Lightning-fast fixed-width to CSV: fixed2csv

fixed2csv converts fixed-width files to CSV very fast. You start with this:

first     last      middle
John      Smith     Q
Sally     Jones

You should be able to run:

$ fixed2csv -v 10 10 6 < input.txt

World's fastest geocoder: node_smartystreets

node_smartystreets is the world's fastest geocoder client. We shell out to its binary rather than using it as a library. It will do 10k records/second against the smartystreets geocoding API. If you don't have an Unlimited plan, use it with extreme caution.

Better caching: lock_and_cache

lock_and_cache (Ruby) and lock_and_cache_js (JS) go beyond normal caching libraries: they lock the calculation while it's being performed. Most caching libraries don't do locking, meaning that >1 process can be calculating a cached value at the same time. Since you presumably cache things because they cost CPU, database reads, or money, doesn't it make sense to lock while caching?

def expensive_thing
  @expensive_thing ||= LockAndCache.lock_and_cache("expensive_thing/#{id}", expires: 30) do
    # do expensive calculation

It uses Redis for distributed caching and locking, so this is not only cross-process but also cross-machine.

Better state machine: status_workflow

status_workflow handles state transitions with distributed locking using Redis. Most state machine libraries either don't do locking or use Postgres advisory locks.

class Document < ActiveRecord::Base
  include StatusWorkflow
    archive_requested: [:archiving],
    archiving: [:archived],

Then you can do


It's safe to use in a horizontally sharded environment because it uses distributed locking - the second process that tries to do this will get a InvalidTransition error even if it's the same microsecond.

Rust build tools: rust-musl-builder and heroku-buildpack-rust

rust-musl-builder is how we build Rust apps on top of Alpine. It also drives heroku-buildpack-rust, the preeminent way of running Rust on Heroku.

Minimal postgres for node: simple-postgres

simple-postgres (JS) is just the essentials to talk to Postgres from Node. We particularly love its use of template literals for apparently magical escaping:

let account = await db.row`
  FROM accounts
  WHERE id = ${id}

Yes, that's safe!

Minimal HTTP server: srvr

srvr (JS) is a small HTTP server that speaks for itself:

  • everything express does
  • better
  • less code
  • no dependencies
  • websockets

Proper Docker API support for Rust: boondock

boondock is a rewrite of rust-docker to be more correct.

Coordinate docker-compose: cage

cage boots multiple docker-compose.ymls, each as a pod. It's sortof like a local k8s.

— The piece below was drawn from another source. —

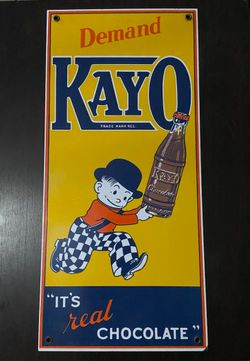 VINTAGE HEAVY PORCELAIN ENAMEL KAYO CHOCOLATE DRINK SIGN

You configure it with a bunch of docker-compose files:

├── admin.yml (a pod containing adminweb and horse)
├── common.env (common env vars)
├── donkey.yml (a pod containing donkey)
├── placeholders.yml (development-only pod with redis, db, etc.)

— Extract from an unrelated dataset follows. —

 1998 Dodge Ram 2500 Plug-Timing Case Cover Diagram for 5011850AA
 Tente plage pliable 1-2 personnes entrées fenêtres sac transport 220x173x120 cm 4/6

Local development looks like this:

$ cage pull
==== Fetching secrets from vault into config/secrets.yml
==== Logging into ECR
Fetching temporary AWS 'administrator' credentials from vault
Pulling citus        ... done
Pulling citusworker1 ... done
Pulling citusworker2 ... done
Pulling queue        ... done
Pulling redis        ... done
Pulling s3           ... done
Pulling smtp         ... done
Pulling vault        ... done
Pulling horse        ... done
Pulling adminweb     ... done
$ cage up
Starting fdy_citusworker2_1 ... done
Starting fdy_smtp_1         ... done
Starting fdy_citus_1        ... done
Starting fdy_vault_1        ... done
Starting fdy_citusworker1_1 ... done
Starting fdy_queue_1        ... done
Starting fdy_s3_1           ... done
Starting fdy_redis_1        ... done
Starting fdy_horse_1 ... done
Starting fdy_adminweb_1 ... done
$ cage stop
Stopping fdy_citusworker2_1 ... done
Stopping fdy_vault_1        ... done
Stopping fdy_citus_1        ... done
Stopping fdy_s3_1           ... done

Fixed up rust crates: rust-amqp

rust-amqp@tokio (Rust) is our rewrite of the internals of the rust-amqp crate in proper tokio. It is much more reliable and needs to be merged upstream.

(beta release) 3rd gen batch processing on k8s: falconeri

falconeri is a distributed batch job runner for kubernetes (k8s). It is compatible with Pachyderm pipeline definitions, but is simpler and handles autoscaling, etc. properly.

(alpha release) Seamless transfer between Postgres/Citus and BigQuery: dbcrossbar

dbcrossbar handles all the details of transferring tables and data to and from Postgres and Google BigQuery. Additionally, it knows about citus, the leading Postgres horizontal sharding solution - so it can do highly efficient transfers between Citus clusters and BigQuery.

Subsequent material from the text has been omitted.